In defense of the Mommy Headphones.

In recent years, I've taken quite a lot of criticism from my family for always having my ear buds in my ears.  And it's pretty much true.  They are in quite a lot of the time.  It's not that I disagree with the concept of "don't always be plugged in."  On the contrary, I set all kinds of time/usage rules regarding media of all sorts with my kids.  Over the last decade or so, our culture and society has been adjusting to a new factor of human life -- the electronic factor.  We can, if so inclined and allowed, live a completely virtual life.  Conversations, relationships, activities, can ALL be lived and accomplished without the benefit of actual human interaction.  This is not a good thing.  This is not to say our technological age is inherently evil, we all enjoy too many huge benefits from our iWorld to say that.  But there are some very real dangers, which have been and are continuing to be examined and discovered.  It comes down to this: humans need real interaction and society needs humans who are capable of human interaction.  The virtual world can destroy this in so many ways the original internet and computer programmers and engineers never realized.  Fortunately, we are recognizing this and society is working to fix this, ironically often using the very medium that creates the problem -- social networking and internet information.  More conversation creates more action.  We can use our electronic technologies to our benefit if we conscientiously avoid the dangers.  However.

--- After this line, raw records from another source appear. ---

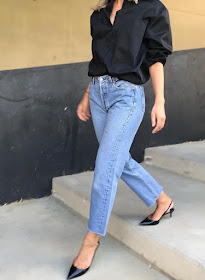 This Stylish 3-Piece Instagram Outfit — French-Girl Look With a Black Top, Straight-Leg Raw-Hem Jeans, and Black Slingback Heels
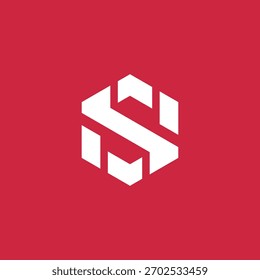 Letra inicial S hexágono modelo de vetor de design de logotipo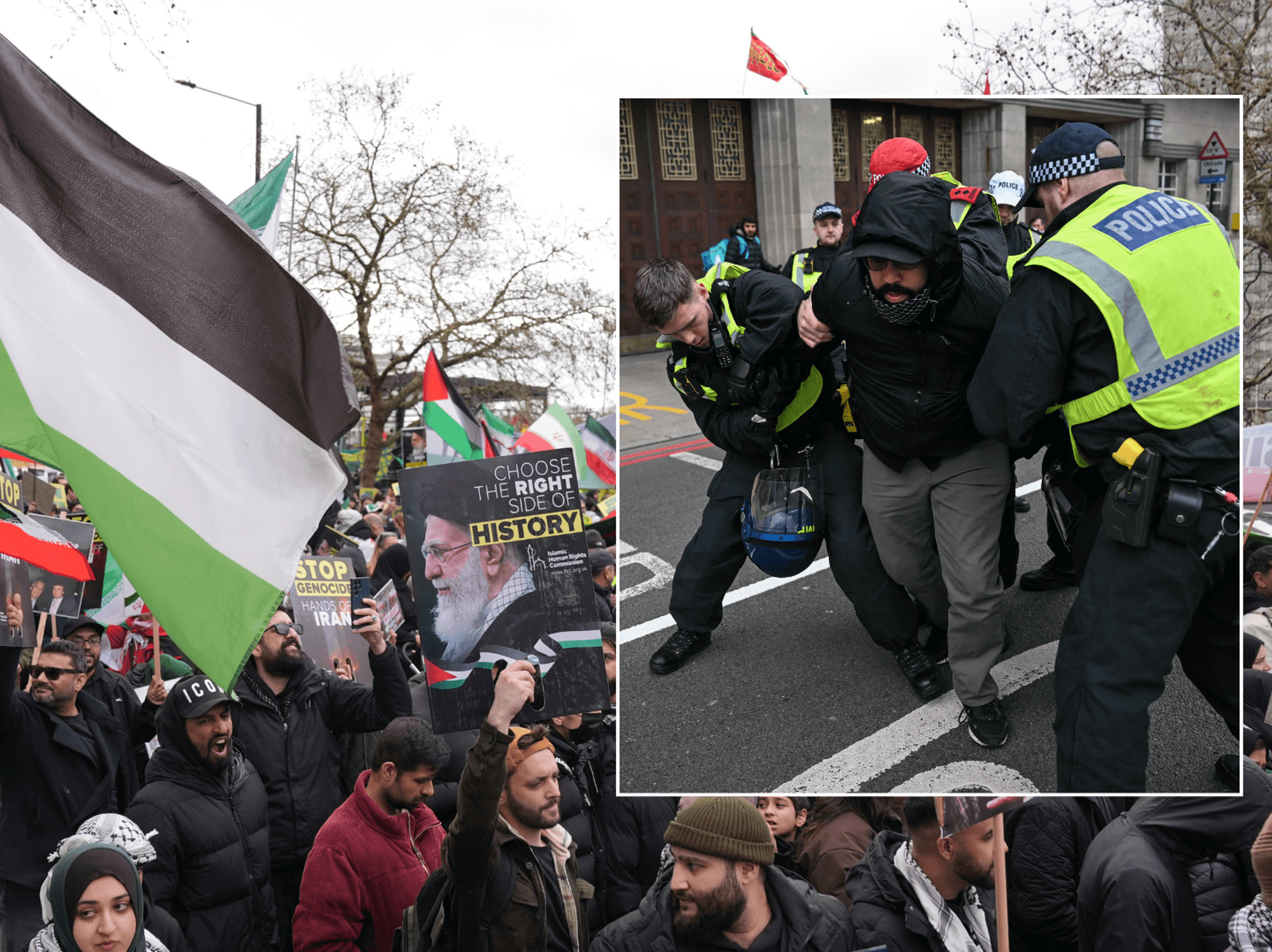Thousands of pro-regime protesters gather in London for 'hate rally' - Police make arrests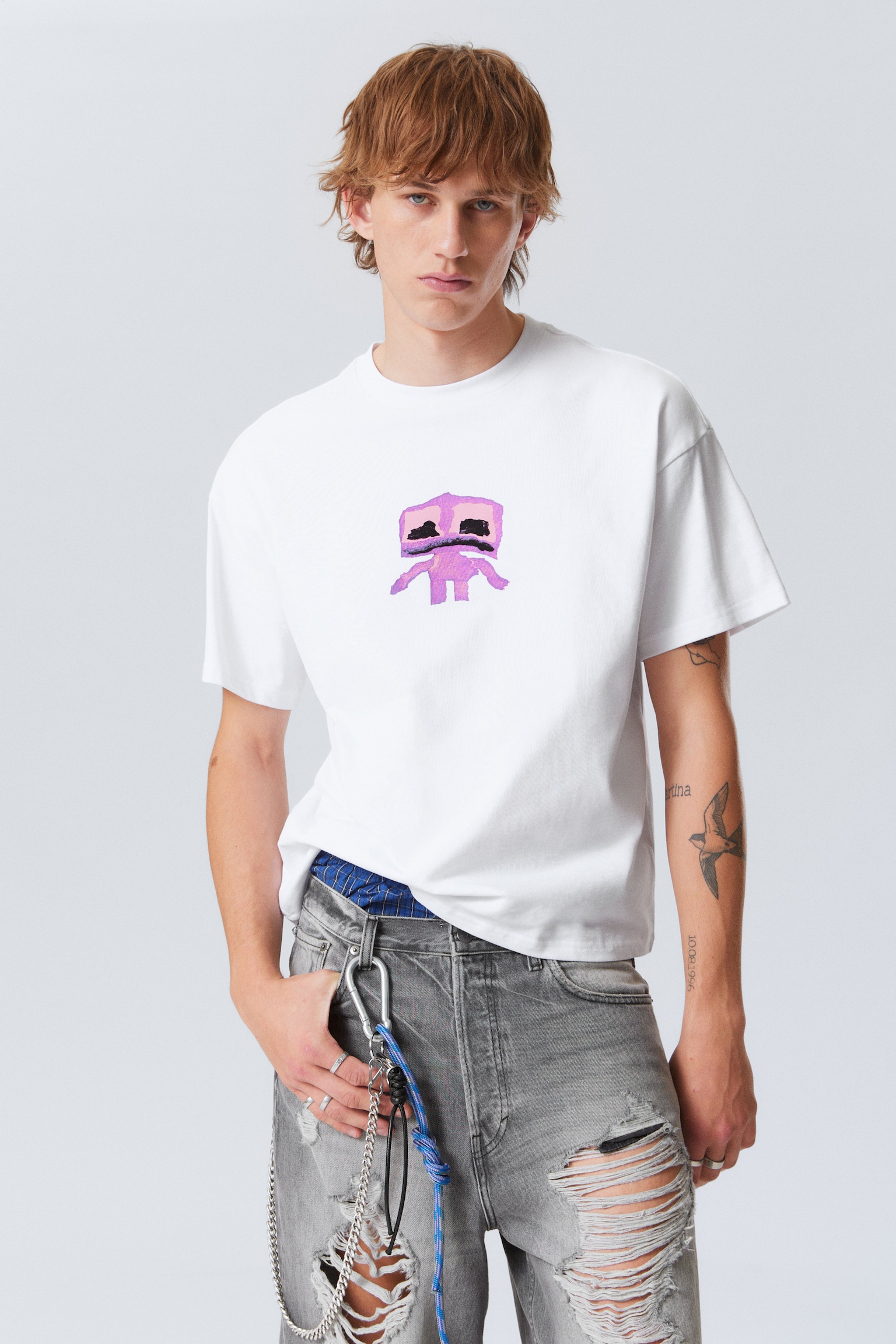 Great Boxy Printed Graphic Tee - White - Pink Sad Man/Donkerrood/White - Smilish/White - Tiger Wolf/Bright Blue - Four Man Gang/Black - Restart/Washed Black - Mizzion/White - Frog Man/Black - Biker Skull/Black - Butterskull/Dark Green - Fntsy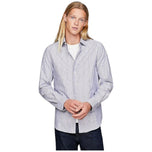 Camicia Tommy Hilfiger a righe sottili blu e bianche, maniche lunghe con bottoni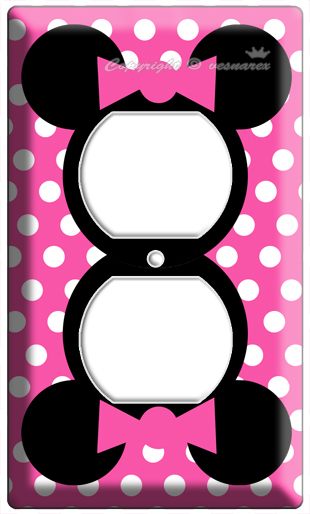 MINNIE MOUSE PINK POLKA DOTS POWER OUTLET WALL PLATE COVER GIRLS ROOM DECORATION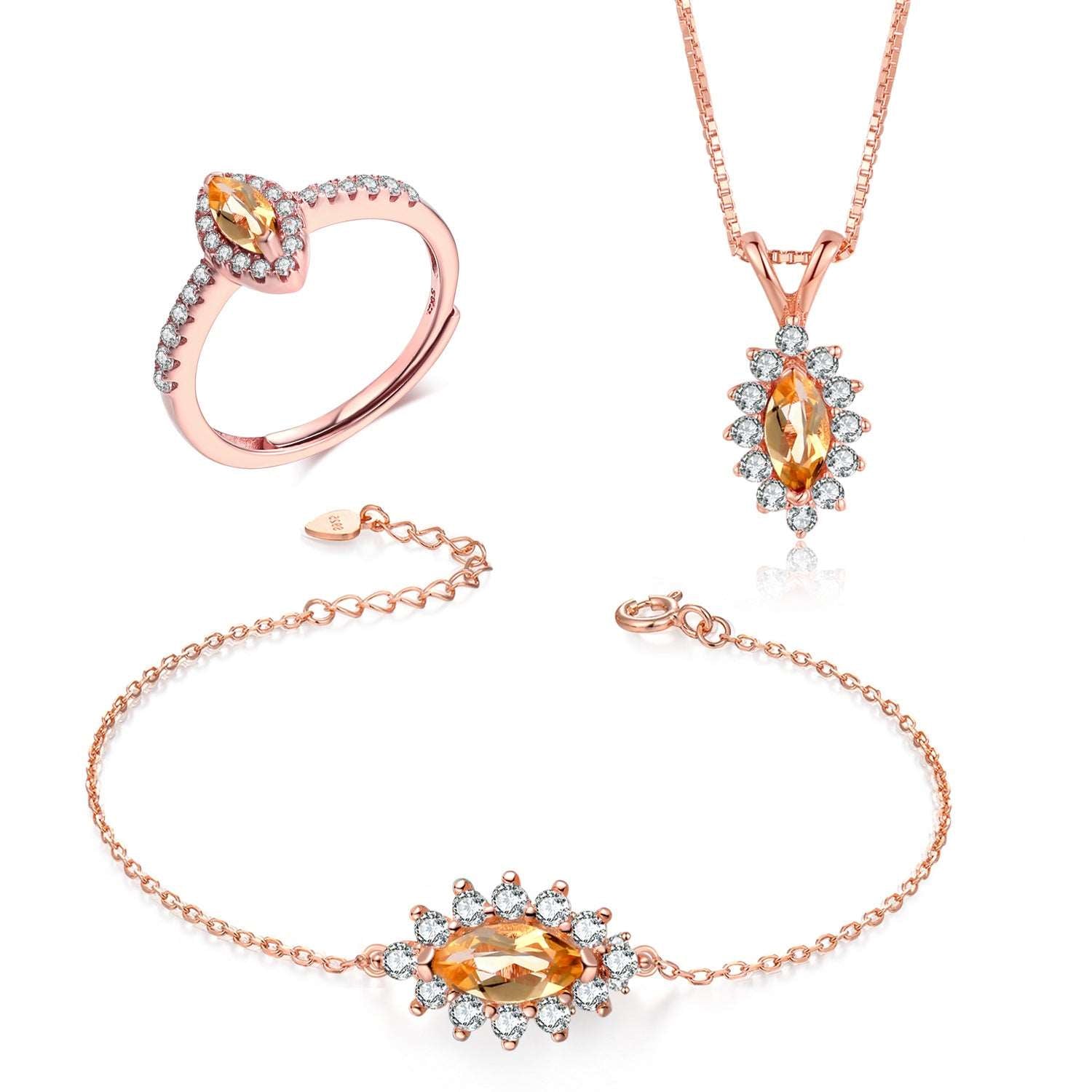 Natural citrine and zircon rose gold jewelry set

This is NOT what Mommy headphones are about.  Let's get that straight right now.

Mommy headphones are not about an inability to understand and function in the real world.  They are a tool needed by mommies because of an OVERABUNDANCE of the real world.  A very, very real, graphic, smelly, loud, repetitive, whiny world.  Thus I present to you, my three arguments why the Mommy headphones ain't leaving my ears anytime soon.

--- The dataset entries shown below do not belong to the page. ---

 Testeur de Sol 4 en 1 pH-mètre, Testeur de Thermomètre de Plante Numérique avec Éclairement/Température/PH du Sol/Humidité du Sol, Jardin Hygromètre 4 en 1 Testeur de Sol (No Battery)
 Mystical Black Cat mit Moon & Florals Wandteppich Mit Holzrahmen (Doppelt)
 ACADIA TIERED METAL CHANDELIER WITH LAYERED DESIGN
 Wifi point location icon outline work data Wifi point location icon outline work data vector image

1.  I don't want to listen to you.  

As in:

He's hogging the tv/computer/xbox!
Why can't we get a dog?!
I've just eaten three pizzas and I'm still hungry!
I forgot to wash my uniform after the last meet and it's been sitting wet in my duffle bag for 4 days!
He's sitting in my spot!
I need to take a dump!
Wow I just took the mother of all dumps!
Nobody told me I had to actually turn my homework in!
You just make us do chores to torture us!
I'm not taking out the trash, it's gross!
He made me mad so I HAD to hit him!
Why can't I watch (TV-MA show), it's hilarious?!
He's gross!
EVERYBODY else gets to _______, why can't I?!
It's his fault!
I'm too tired to load the dishwasher! (But not too tired to eat . . .)
He's an idiot for thinking _____ Xman is a more powerful mutant than ____ Xman so I punched him!
Showers are for chumps!
I'm working on my Man Smell!
Hey, I just farted again!! And again!!
Why can't I wear the same underwear all week?!

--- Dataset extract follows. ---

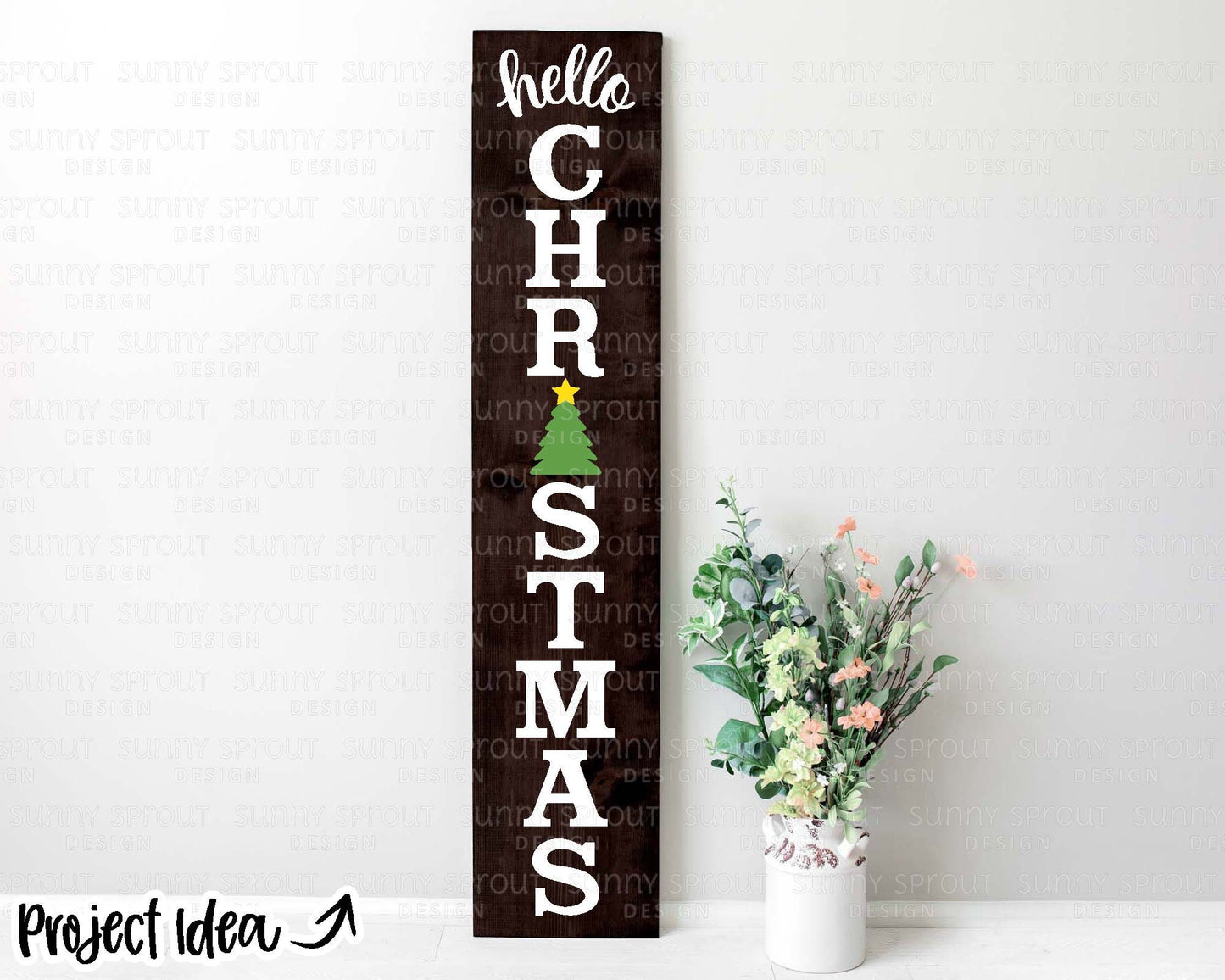 Hello Christmas Porch Sign, Digital download, Cricut SVG cut file, Silhouette, Holiday door leaner design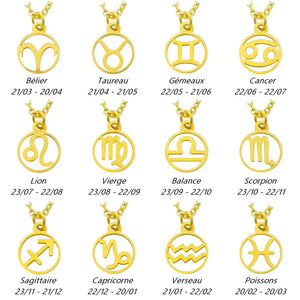 Pendentifs signes astrologiques dorés en acier avec dates de naissance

Really.  I don't want to listen to you or any of it.  Hence the earbuds.  However, if you'd like to converse like a normal human instead of a rabid monkey, I'm ready and willing to listen at any moment, day or night.  Lots of real teen conversation (the ones you really need to have) happen in the wee hours and I will always wake up for those.  But when the conversation starts to go rancid, the headphones are coming out.

2.  I will not stick to this chore without distraction.

Every non-mom out there needs to own this right now:  Moms do all the chores no one else wants to do.  For free.  It's a statistical fact, even full-time working moms end up doing the vast majority of chores at home that no one else wants to do -- dishes, laundry, general clean up.  We ARE doing all the stuff nobody else will do without pay.  Having said that,  I will absolutely own that I chose this job and responsibility.  I chose to be a mom, I chose to stay home (and have been blessed to be able to do so), and I chose to be a homemaker.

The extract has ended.